Path to dataset files: /Users/lucasyoung/MSAAI-511-group-4/data/datasets/blanderbuss/midi-classic-music/versions/1


### Well! We have the following:
`data -> datasets -> blanderbuss -> midi-classic -> versions -> 1 -> midiclassics`

Inside this directory called `midiclassics`, we want to retrieve the midi files of:
- Midi files for Bach.
- Midi files for Beethoven.
- Midi files for Chopin
- Midi files for Mozart

Where each composer is a directory with an uneven amount of MIDI files and zip files that contain more midi files!

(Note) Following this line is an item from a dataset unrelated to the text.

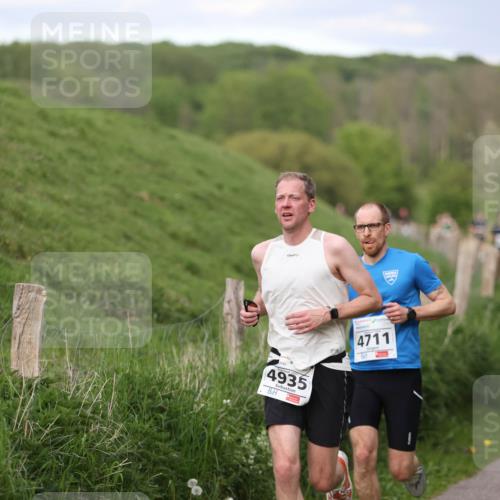 09.05.2026 - Störlauf Andreas Tolksdorf http://msf.ph/oto/9707800 09.05.2026 17:39:03 Laufen 4935, 4711 meine-sportfotos.de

### Let's create a class to retrieve the data

In [16]:
from typing import List, Tuple
class DataRetriever:
    '''
    Class that would access a data folder
    containg multiple directories and zip files,
    where we would retrieve the MIDI files from:
        - Bach
        - Beethoven
        - Chopin
        - Mozart
    
    Args:
        data_path: pathlib path to the data folder where the data is contained
    
    Returns:
        retrieved_path: pathlib path where all the midi files of the 4 desired
        composers are.
    
    Example:
        retriever = DataRetriever(data_path = set_path)
        retrieved_path = retriever.subdivide_data()
    '''

    from pathlib import Path
import shutil

class DataRetriever:
    def __init__(self, data_path: Path):
        self.data_path = data_path
        self.dataset_path = data_path / "datasets"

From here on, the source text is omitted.